R- Oui, nous sommes d'accord, parce que nous sommes dans la continuité des négociations qui avaient eu lieu du temps de M. Rocard, les accords Matignon, après la terrible affaire d'Ouvéa, vous vous souvenez, en 1988, avec J. Chirac et B. Pons, où il y avait eu des morts, des affrontements d'une très grande violence. Donc la paix a été trouvée après une longue négociation. Et puis après, avec Jospin, il y a eu les accords de Nouméa, qui portaient aussi sur l'évolution du corps électoral dans la période dans la laquelle nous sommes aujourd'hui. Il faut que la parole donnée après ces négociations soient respectées, c'est une question d'intérêt général. Si l'on veut que la paix civile soit respectée en Nouvelle-Calédonie, il ne faut pas tergiverser. J'ai l'impression que N. Sarkozy et ses amis jouent avec le feu, ils prennent de lourdes responsabilités.
Q- Pourquoi ? Pour quelle raison ?
R- Parce qu'on a l'impression qu'ils ne veulent pas que ça se fasse. Il faut savoir que pour que ce soit définitivement réglé, cette question du corps électoral en Nouvelle-Calédonie, il faut non seulement que l'Assemblée nationale vote ce texte, donc cet après-midi, le Sénat aussi, et puis ensuite que le président de la République convoque le Congrès à Versailles. Le fera-t-il...
Q- ...Parce que c'est une révision de la Constitution.
R- Oui. Le fera-t-il avant les élections ? Moi, je le souhaite, mais c'est sa responsabilité.
Q- Hier, S. Royal a rencontré N. Hulot ; elle a dit qu'elle allait signer le pacte écologique. Si S. Royal est élue - vous êtes un de ses très proches conseillers -, est-ce que N. Hulot sera ministre de l'Environnement ?
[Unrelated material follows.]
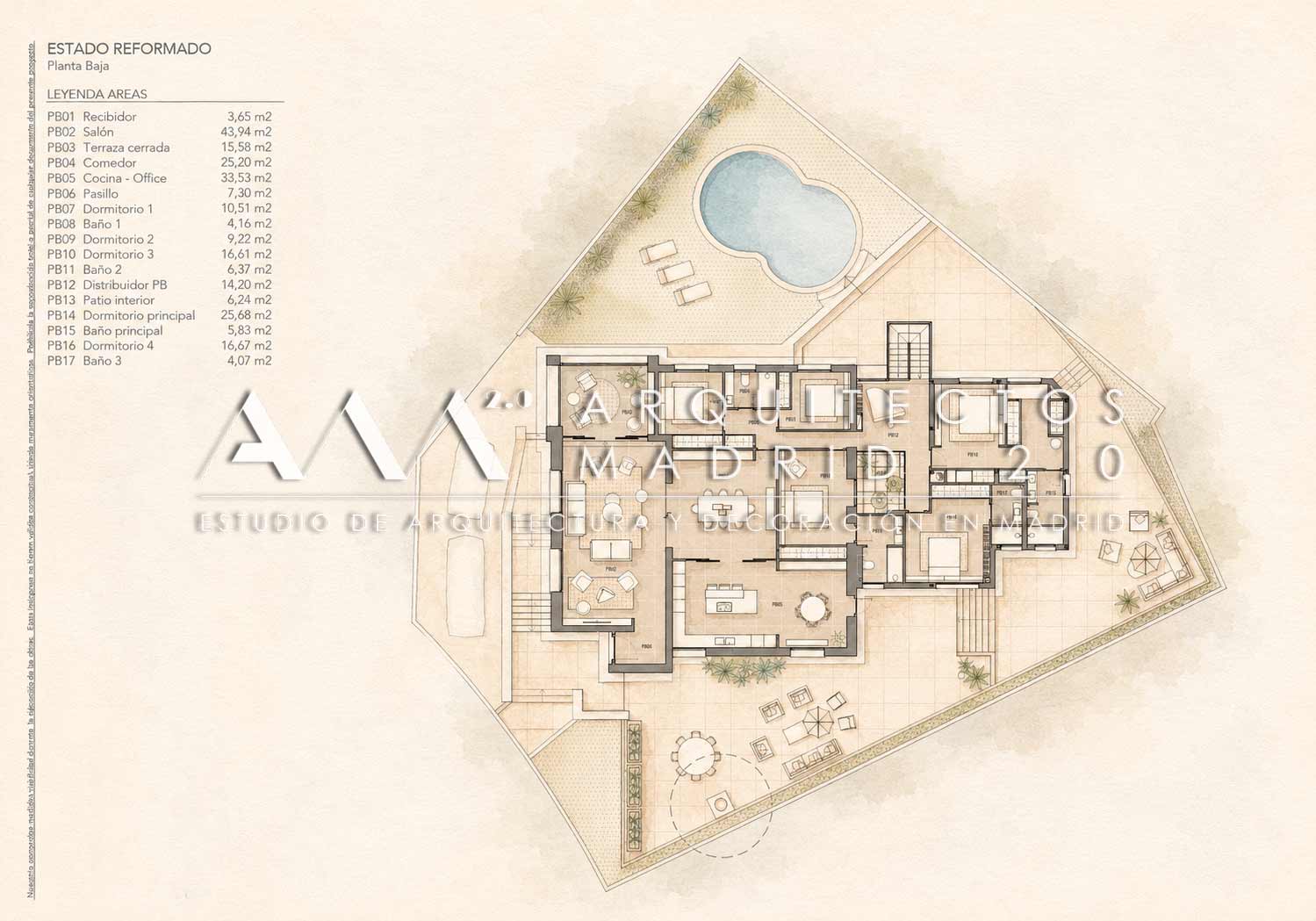 Interiorismo para reforma integral de vivienda unifamiliar de lujo en Madrid con jardín y piscina, proyecto técnico, interiorismo y reforma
R- Ce n'est pas le problème. Je pense que N. Hulot ne cherche pas à être ministre. Il interpelle tout le monde, il interpelle les politiques parce qu'il y a urgence, et il a raison. Les engagements et les objectifs qu'il fixe me semblent indispensables pour faire reculer le phénomène de réchauffement de la planète, l'ensemble des problèmes de pollution qui mettent en cause aussi la santé des individus sur la planète, je crois qu'il y a urgence. Mais vous savez, S. Royal s'est engagée non seulement à signer, mais à agir, parce qu'elle le fait déjà comme présidente de région mais elle l'a fait quand elle était ministre de l'Environnement. Elle ne se contente pas de parole, parce qu'il y a des tas de gens qui signent en bas et quand ils sont au Gouvernement - c'est le cas actuellement - ils font le contraire. Et donc, elle, elle a une formule qui me paraît très bonne, c'est "la politique par la preuve". Parce que ce n'est pas seulement la politique par la parole, mais la politique par la
preuve.
Q- N. Hulot souhaite la création d'un poste de vice-Premier ministre de l'environnement, est-ce une bonne idée ?
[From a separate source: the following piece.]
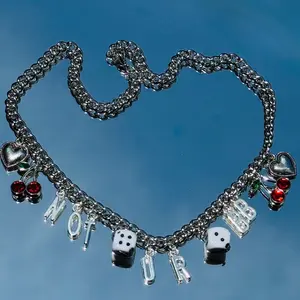 No Ur BB Pre-Made Steez Stainless Steel Charm Necklace with Heart Dice Key & Letter Charms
R- C'est plutôt intéressant comme idée. En tout cas, c'est une idée à creuser. On comprend pourquoi, il propose ça, c'est parce qu'il se dit si c'est seulement le ministre de l'environnement qui s'occupe de ces questions, il aura peu de pouvoir et d'influence sur l'administration, sur le ministère de l'économie et des Finances... Enfin, vous savez bien, il y a des pesanteurs considérables, et au fond, c'est cela qu'il faut changer. D'une certaine façon, si l'on veut redonner confiance aux Français dans la politique, il faut que l'on change aussi les méthodes, il faut qu'on bouscule tout ça. Je trouve que S. Royal, c'est ce qu'elle est en train de faire avec son style, son franc-parler, et c'est ce qui fait que les Français ont de plus en plus confiance. Moi aussi, je pense qu'il peut y avoir beaucoup de changements l'année prochaine.